千人単位を相手にする対集団戦、それを10人で行うのは不可能だ。
一瞬で千人を殲滅する力が無い限り、その攻撃は何日にも渡るだろう。
人間はそれだけの期間を不眠不休で戦えるようには出来ていない。
そのための目と盾が必要なのだろう。
「侯爵軍は我が領地を通らざるを得ない。
ならば、その手続きを遅延させ、侯爵軍をばらけさせえてくれよう」
「は、その旨手配いたします。
しかし、もし侯爵軍が暴れたら?」
「そうなればむしろ好都合だ。
その時は、反乱の疑いありと王宮に使者を出し、王の采配あるまで門を閉めて足止めしてやるわ」
「領兵どもも、仲間を殺された恨み、忘れていませんからな」
◇ ◇ ◇
Side:バーリスモンド侯爵
黒狼隊の奴らがしくじりおった。
たかが他国の貴族の避暑地が奴らに落とせぬとは思いもせんかった。
しかも、その不始末の証拠を握られるとは言語同断じゃ。
その件で、オールドリッチ伯爵家領兵殺害にどこかの商会の従業員殺害で抗議が来おった。

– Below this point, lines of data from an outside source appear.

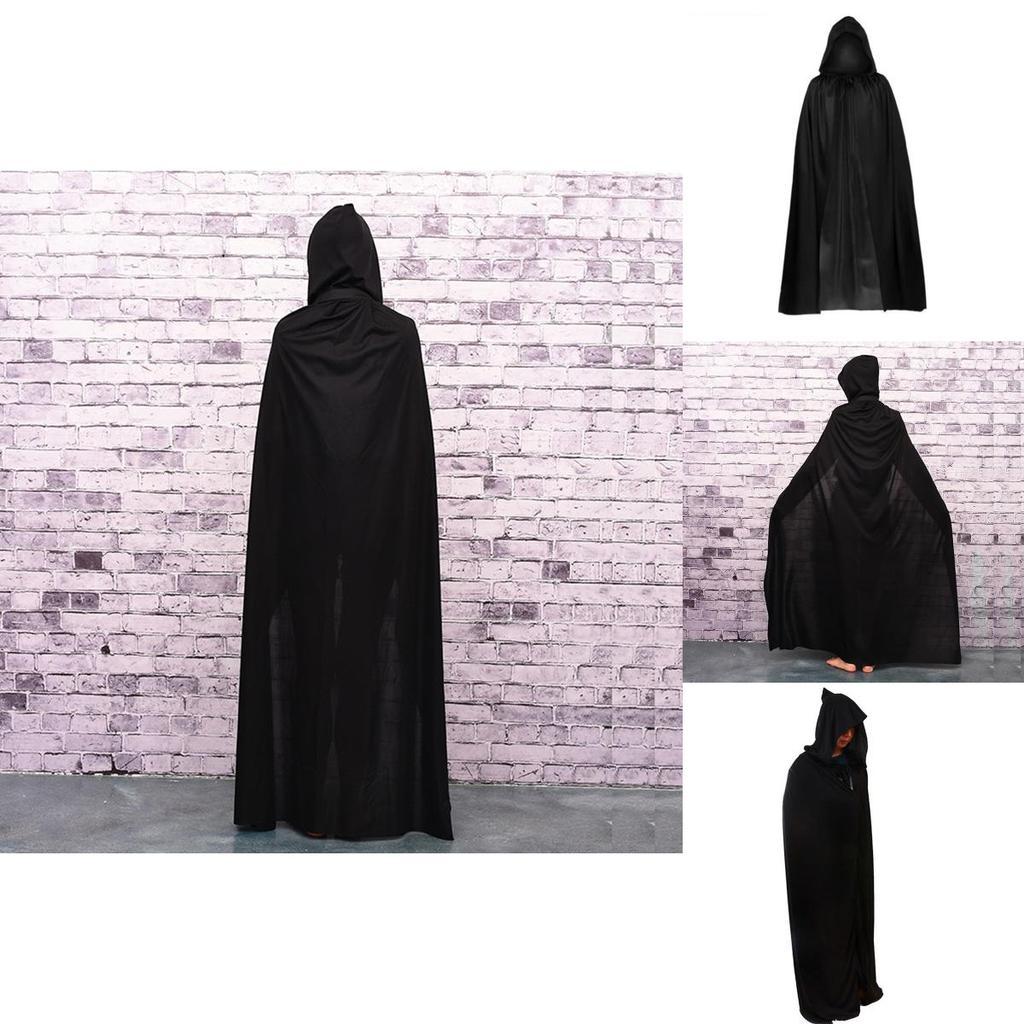 Halloween Cloak Cosplay Grim Reaper Vampire Witch Wizard Robe Party Adult Children Black Cloak Cape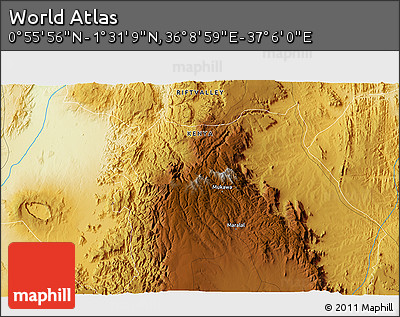 Physical 3D Map of the Area around 1° 13' 33" N, 36° 37' 30" E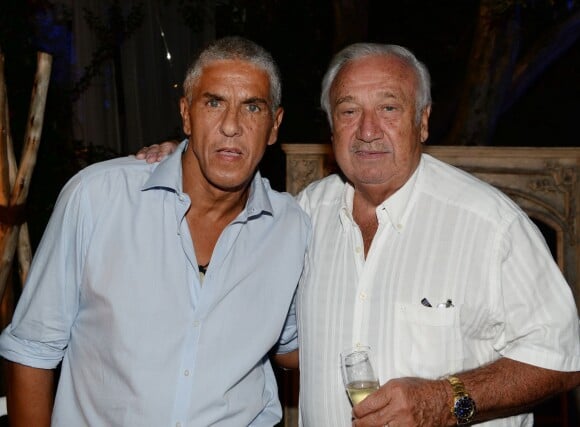 Exclusif - Samy Naceri et Marcel Campion - Massimo Gargia fête son anniversaire (75 ans) chez Christophe Leroy aux Moulins de Ramatuelle, le 20 août 2015. 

全て捏造、我らの方が被害者であると突っぱねたが、王家も信じておらぬようじゃった。
だが、これ以上の追及は防ぐことが出来た。
問題は侯爵家としての立場じゃ。
我らの方が被害者と宣言したからには報復の軍を出さねばならん。
よくよく思い起こせば、発端は愚弟のユルゲンの不始末じゃ。
なんであいつのために軍まで出さねばならんのじゃ。
こんなことになるならば、仇うちじゃと黒狼隊を出すのではなかった。
何がユルゲンの欲を刺激したんじゃ?
何かあるのであれば、それを奪い、戦費に替えようぞ。
侯爵軍3千、動かすだけで莫大な戦費が消費されるのじゃ。
少しでも補填できなければ困るぞ。
それにしても、他国の貴族とはいったい何処の国のことじゃ?
あの魔境と呼ばれる不干渉地域に手を出すとは、よほどの戦闘力が……。
何か嫌な予感がして来たぞい。
もし、あの国の関係者ならば、我が侯爵家は御取り潰しでは済まないではないか!